After setting up their apartment (cleaning, buying beds and putting clothes in the closets), our next task was to fill the new kitchen with food. Luckily one of my Modern Day Church Lady friends is of Syrian extraction, so she knew all the Syrian markets in nearby Paterson, New Jersey. The two most famous markets are Nouri Brothers and Fattal’s. We shopped at them both. Why chose?
We took the mother and her13-year old son* with us so they could pick out what they needed. The son came along so he could translate for his mother. But since everybody in the market spoke Arabic, his English translation skills were primarily used to communicate to us Modern Day Church Ladies.
The Syrian shopping spree reminded me of a time when the American melting pot was a point of pride, not fear, for our country. To get to the markets, we drove down Main Street Paterson, a street lined with Arabic stores selling every imaginable item: halal meat, CDs’ and pastries.
As we cruised down Main Street, the mother’s eyes lit up and a broad smile crept across her face. She twisted around in her seat to read the familiar Arabic signs as they flashed by car window. After being whisked across the globe through the bustling JFK airport to a quiet town in New Jersey, it must have been a relief to see a reminder of her Syrian homeland.

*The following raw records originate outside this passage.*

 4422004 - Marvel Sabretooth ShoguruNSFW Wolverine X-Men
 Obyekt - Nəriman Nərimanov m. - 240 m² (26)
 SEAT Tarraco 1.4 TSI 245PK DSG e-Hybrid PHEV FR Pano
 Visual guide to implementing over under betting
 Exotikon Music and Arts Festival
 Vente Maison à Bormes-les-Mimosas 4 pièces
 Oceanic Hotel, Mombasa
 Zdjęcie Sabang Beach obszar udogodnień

For me, the Arabic signs felt like some sort of cosmopolitan badge. I wanted to say to the mother, “See, you can get anything here in the States, you can feel comfortable here, we are not all that intolerant of differences.” I felt a little pride bubble up about our American pluralistic society.
But I quickly realized that I was viewing this experience through naïve, rose-colored glasses. It was a kind of false pride; given how segregated this experience was from my day-to-day existence in affluent Millburn. I do not live in a very multicultural world.

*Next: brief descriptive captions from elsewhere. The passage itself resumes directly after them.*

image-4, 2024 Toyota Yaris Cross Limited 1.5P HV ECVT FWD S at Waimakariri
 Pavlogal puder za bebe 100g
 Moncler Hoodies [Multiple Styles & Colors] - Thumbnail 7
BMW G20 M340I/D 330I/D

Nor was my country as a whole heading in the direction of being more of a welcoming place. Just look at the how the Presidential candidates are using intolerance as a badge of honor, from the harsh words by our Governor Christie about Syrian refugees to Donald Trump’s proposal for a wall across the Mexican border.
But back to shopping and my little multicultural fantasy bubble.

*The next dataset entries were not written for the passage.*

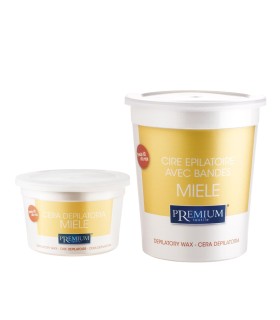 Cire Liposoluble Miel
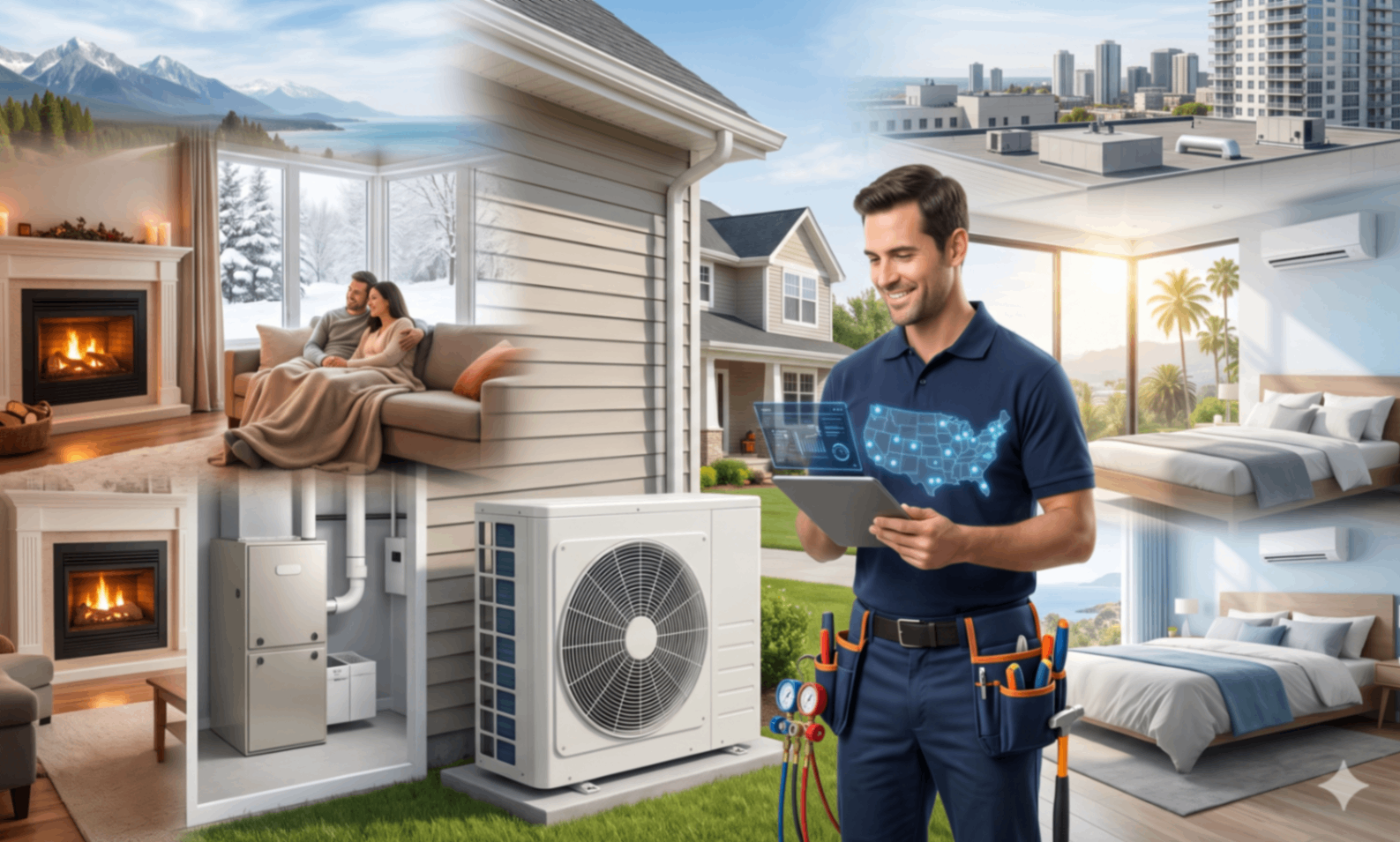 HVAC in Norristown, PA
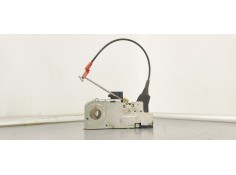 Recambio de cerradura puerta delantera izquierda para ford transit caja cerrada, corta (fy) (2000 =>) referencia OEM IAM YC1AV21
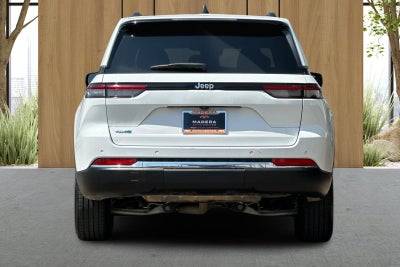 2024 Jeep Grand Cherokee 4xe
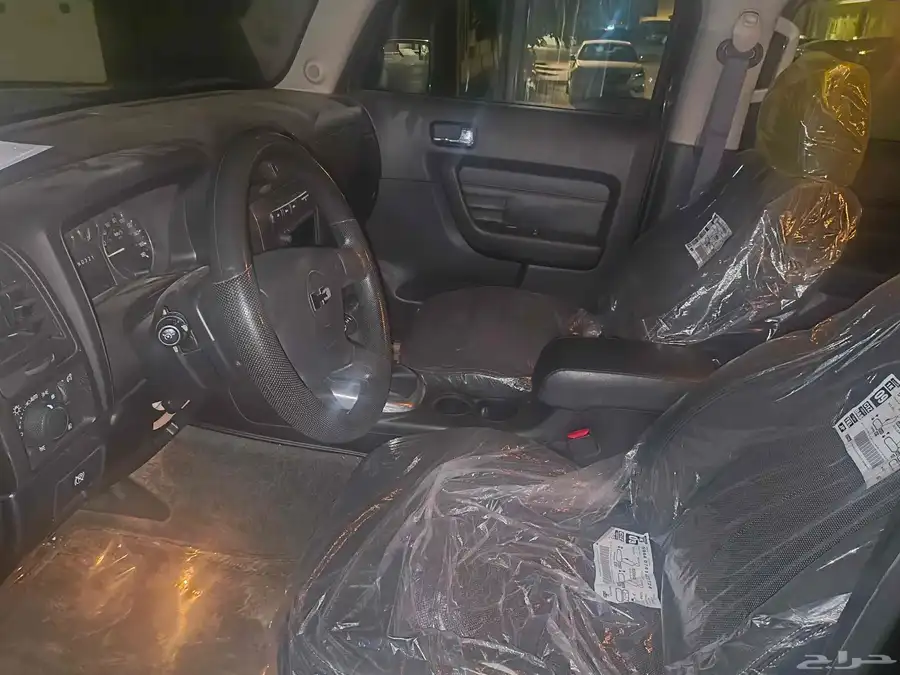 همر للبيع للي يبحث عن نضافة وموتر شيخ وكشخه 1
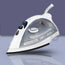 Proctor Silex Lightweight Steam/Spray Iron, 15 min Auto Shut Off, Gray/White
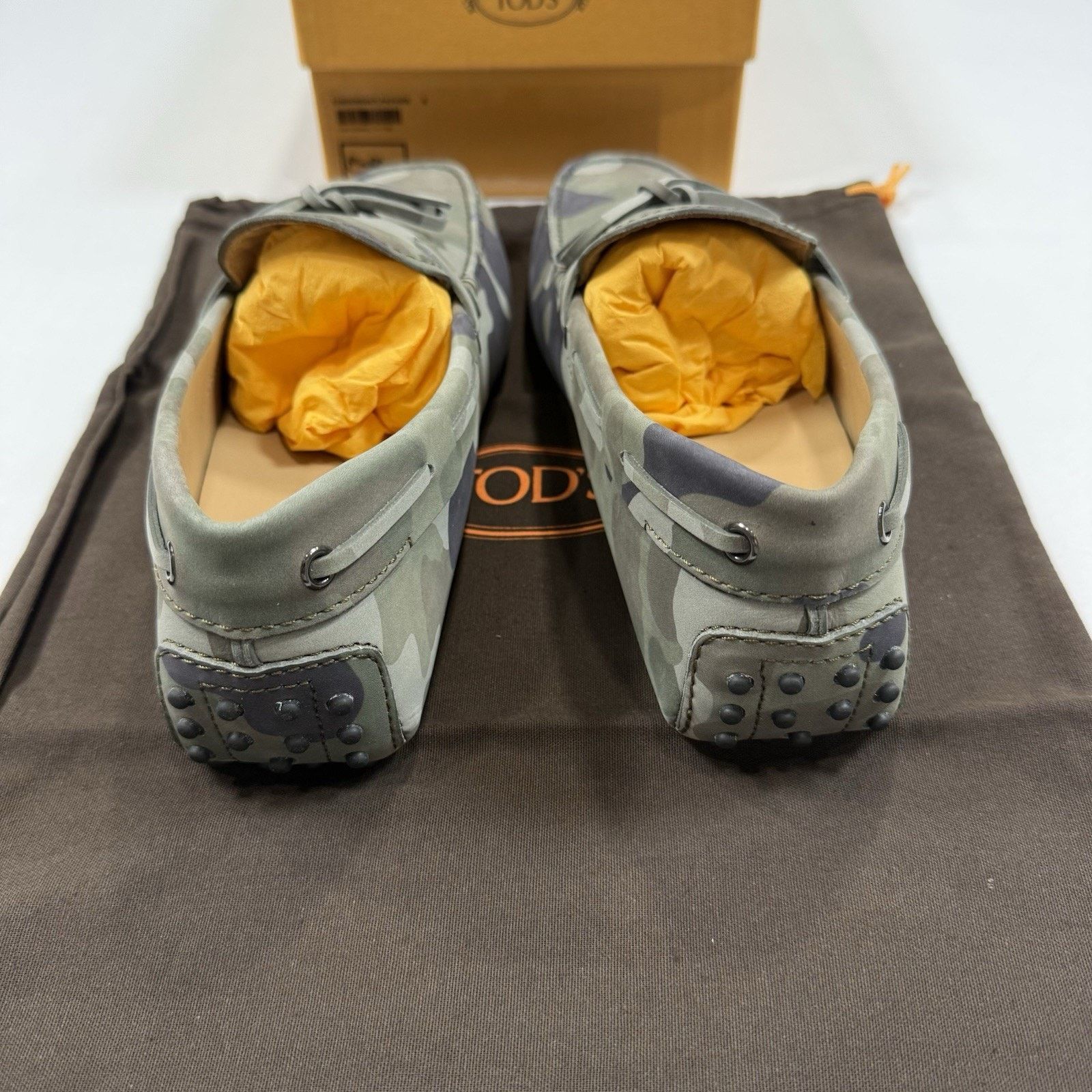 Tod's Tod’s Loafers Size 8UK/9.5US Brand New In Box MSRP $775 Size US 9.5 / EU 42-43 - 5 Thumbnail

It was fun pushing our shopping carts down the aisle together, the mother in her white hijab and me in my Modern Church Lady black slacks and turtleneck. As the mother noticed I was copying many of her purchases, she started filling my cart with Syrian snack food like dried chickpeas and squash seeds. Sadly, the yogurt soda did not make it into my basket. Next time.
It was a poignant moment between two women who can’t communicate beyond charade inspired sign language. Awkward silences pop up regularly when you don’t speak the same language.
I wanted so desperately to connect that English sentence fragments erupted loudly from my mouth. These short cryptic outbursts were generally followed by long sentences flowing slowly and painfully like lava down a mountainside. As if saying something slower, simpler and louder could leap over a language barrier. I know better, but I did it anyway.
We spent about $300, which bought enough food, according to the son, to make 30 meals. One of these meals is slated to be a lunch to which this Modern Day Church Lady (along with other MDCLs), will be invited.
Maybe I’ll learn what to do with the large jar of grape leaves I felt compelled to purchase at Fattal’s.